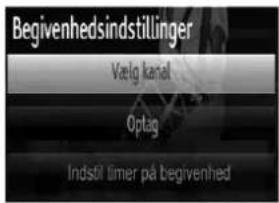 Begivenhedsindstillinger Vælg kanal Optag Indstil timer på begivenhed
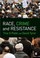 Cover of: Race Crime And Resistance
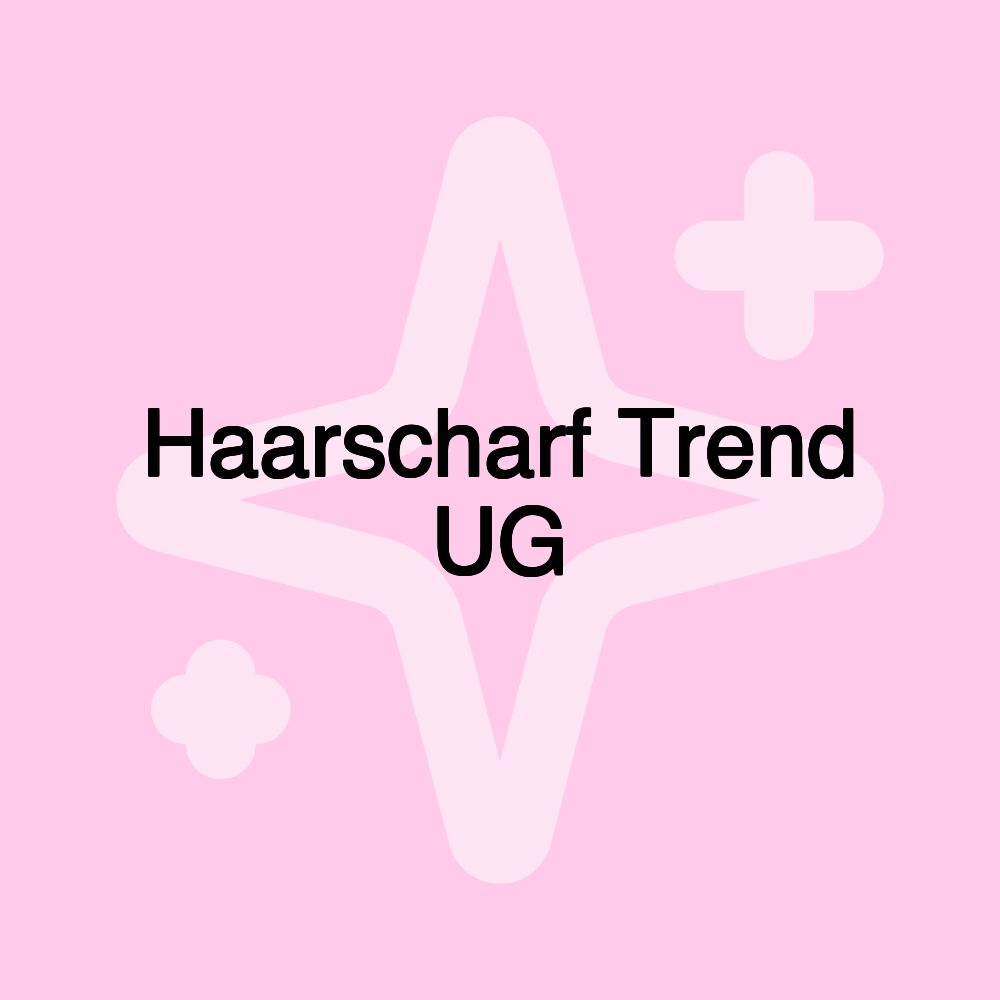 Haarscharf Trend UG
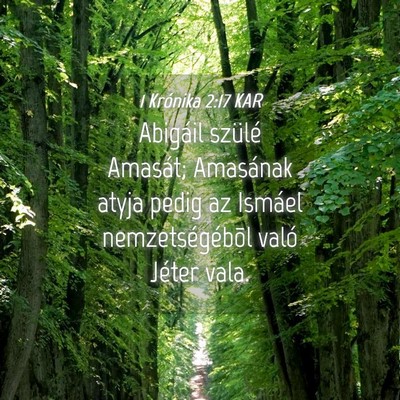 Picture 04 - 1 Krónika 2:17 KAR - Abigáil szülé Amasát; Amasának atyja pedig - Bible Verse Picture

::::::::

Problem requirements
Do not include the pictures. Quote only the lines from the line with "Haarscharf Trend UG" through the end of the material, both ends included, exactly.

Exercise output
 Haarscharf Trend UG
 Picture 04 - 1 Krónika 2:17 KAR - Abigáil szülé Amasát; Amasának atyja pedig - Bible Verse Picture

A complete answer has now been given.